A careful reading of the provision shows that notice to any partner, under
certain circumstances, operates as notice to or knowledge to the partnership
only. Evidently, it does not provide for the reverse situation, or that notice to
the partnership is notice to the partners. Unless there is an unequivocal law
which states that a partner is automatically charged in a complaint against
the partnership, the constitutional right to due process takes precedence and
a partner must first be impleaded before he can be considered as a
judgment debtor. To rule otherwise would be a dangerous precedent,
harping in favor of the deprivation of property without ample notice and
hearing, which the Court certainly cannot countenance.
OTHER MATTERS TACKLED BY THE COURT:

Granting that Guy was properly impleaded in the complaint, the execution of judgment
would be improper. Article 1816 of the Civil Code governs the liability of the partners to third
persons, which states that:

Article 1816. All partners, including industrial ones, shall be liable pro rata with all their
property and after all the partnership assets have been exhausted, for the contracts
which may be entered into in the name and for the account of the partnership, under its
signature and by a person authorized to act for the partnership. However, any partner may
enter into a separate obligation to perform a partnership contract.

In this case, had he been properly impleaded, Guy’s liability would only arise after the
properties of QSC would have been exhausted. The records, however, miserably failed to
show that the partnership’s properties were exhausted.

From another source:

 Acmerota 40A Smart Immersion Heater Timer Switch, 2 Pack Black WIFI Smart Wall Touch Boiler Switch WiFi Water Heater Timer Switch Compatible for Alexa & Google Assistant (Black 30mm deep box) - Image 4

Clearly, no genuine efforts were made to locate the properties of QSC that could have been
attached to satisfy the judgment − contrary to the clear mandate of Article 1816. Being
subsidiarily liable, Guy could only be held personally liable if properly impleaded and after all
partnership assets had been exhausted.

Article 1824. All partners are liable solidarily with the partnership for everything
chargeable to the partnership under Articles 1822 and 1823.

In essence, these provisions articulate that it is the act of a partner which caused loss or
injury to a third person that makes all other partners solidarily liable with the partnership
because of the words "any wrongful act or omission of any partner acting in the ordinary
course of the business," "one partner acting within the scope of his apparent
authority" and "misapplied by any partner while it is in the custody of the
partnership." The obligation is solidary because the law protects the third person, who in
good faith relied upon the authority of a partner, whether such authority is real or apparent.

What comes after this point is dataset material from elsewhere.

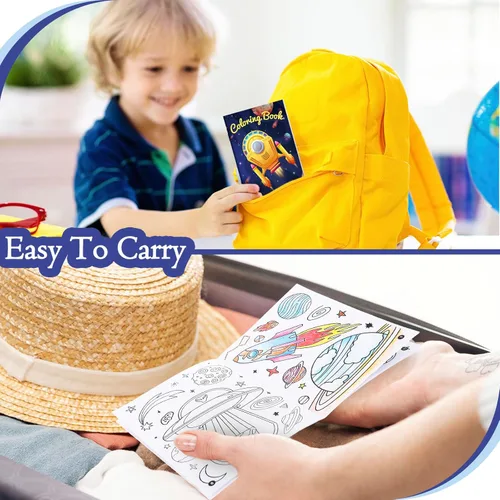 Miniatura 7 de Jutom 48 libros para colorear del espacio exterior a granel para niños y adultos, mini tema espacial astronauta galaxia cohete para el sistema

In the case at bench, it was not shown that Guy or the other partners did a wrongful act or
misapplied the money or property he or the partnership received from Gacott. A third person
who transacted with said partnership can hold the partners solidarily liable for the whole
obligation if the case of the third person falls under Articles 1822 or 1823. Gacott’s
claim stemmed from the alleged defective transreceivers he bought from QSC, through the
latter's employee, Medestomas. It was for a breach of warranty in a contractual obligation
entered into in the name and for the account of QSC, not due to the acts of any of the
partners. For said reason, it is the general rule under Article 1816 that governs the joint
liability of such breach, and not the exceptions under Articles 1822 to 1824. Thus, it was
improper to hold Guy solidarily liable for the obligation of the partnership.

Section 21 of the Corporation Code, as invoked by the RTC, cannot be applied to sustain
Guy's liability. The said provision states that a general partner shall be liable for all debts,
liabilities and damages incurred by an ostensible corporation. It must be read, however, in
conjunction with Article 1816 of the Civil Code, which governs the liabilities of partners
against third persons. Accordingly, whether QSC was an alleged ostensible corporation or a
duly registered partnership, the liability of Guy, if any, would remain to be joint and
subsidiary because, as previously stated, all partners shall be liable pro rata with all their
property and after all the partnership assets have been exhausted for the contracts which
may be entered into in the name and for the account of the partnership.